Analysis of Partially-Calibrated Sparse Subarrays for Direction Finding with Extended Degrees of Freedom
W. S. Leite, R. C. de Lamare
TL;DR
This work extends coarray MUSIC to partially calibrated sparse arrays by introducing GCA-MUSIC, which leverages per-subarray difference coarrays and a subspace-intersection spectrum merging rule to exploit increased degrees of freedom. By combining SS-SCA-based processing with a convex-set projection that aligns the subspaces across subarrays, the method can identify more sources than physical sensors and maintain high-resolution DOA estimation.
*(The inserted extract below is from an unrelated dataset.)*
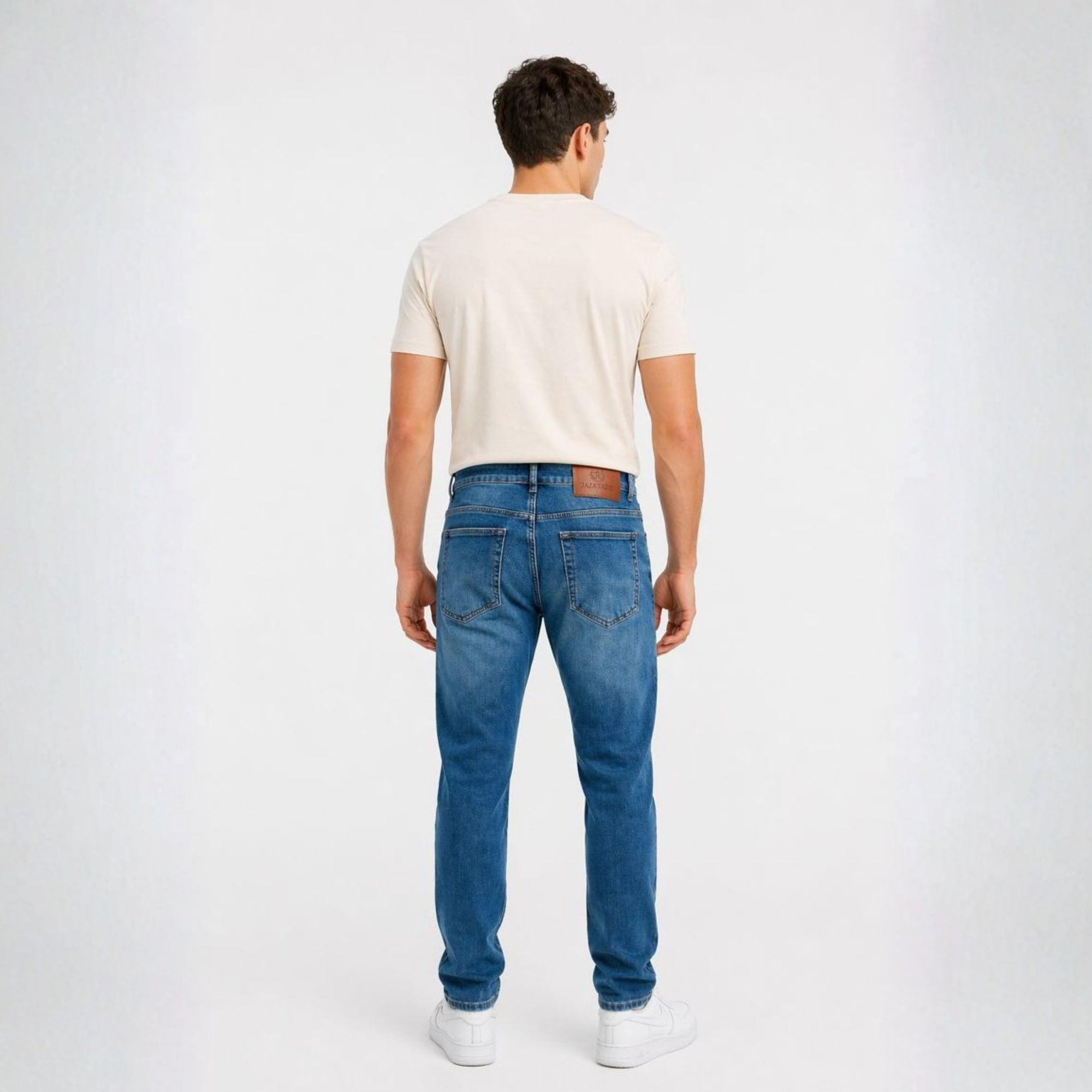 Jeans Recto Hombre Forrado con Polar-5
Comparisons against G-MUSIC and AVCA-MUSIC show substantial RMSE improvements, particularly when the source count exceeds per-subarray sensor counts, with performance benefiting most from geometry choices that maximize DoF. The approach offers a practical pathway to high-resolution DOA estimation in distributed or asynchronous sensing platforms while reducing inter-subarray cross-covariance requirements.
Abstract
This paper investigates the problem of direction-of-arrival (DOA) estimation using multiple partially-calibrated sparse subarrays. In particular, we present the Generalized Coarray Multiple Signal Classification (GCA-MUSIC) DOA estimation algorithm to scenarios with partially-calibrated sparse subarrays. The proposed GCA-MUSIC algorithm exploits the difference coarray for each subarray, followed by a specific pseudo-spectrum merging rule that is based on the intersection of the signal subspaces associated to each subarray. This rule assumes that there is no a priori knowledge about the cross-covariance between subarrays. In that way, only the second-order statistics of each subarray are used to estimate the directions with increased degrees of freedom, i.e., the estimation procedure preserves the coarray Multiple Signal Classification and sparse arrays properties to estimate more sources than the number of physical sensors in each subarray. Numerical simulations show that the proposed GCA-MUSIC has better performance than other similar strategies.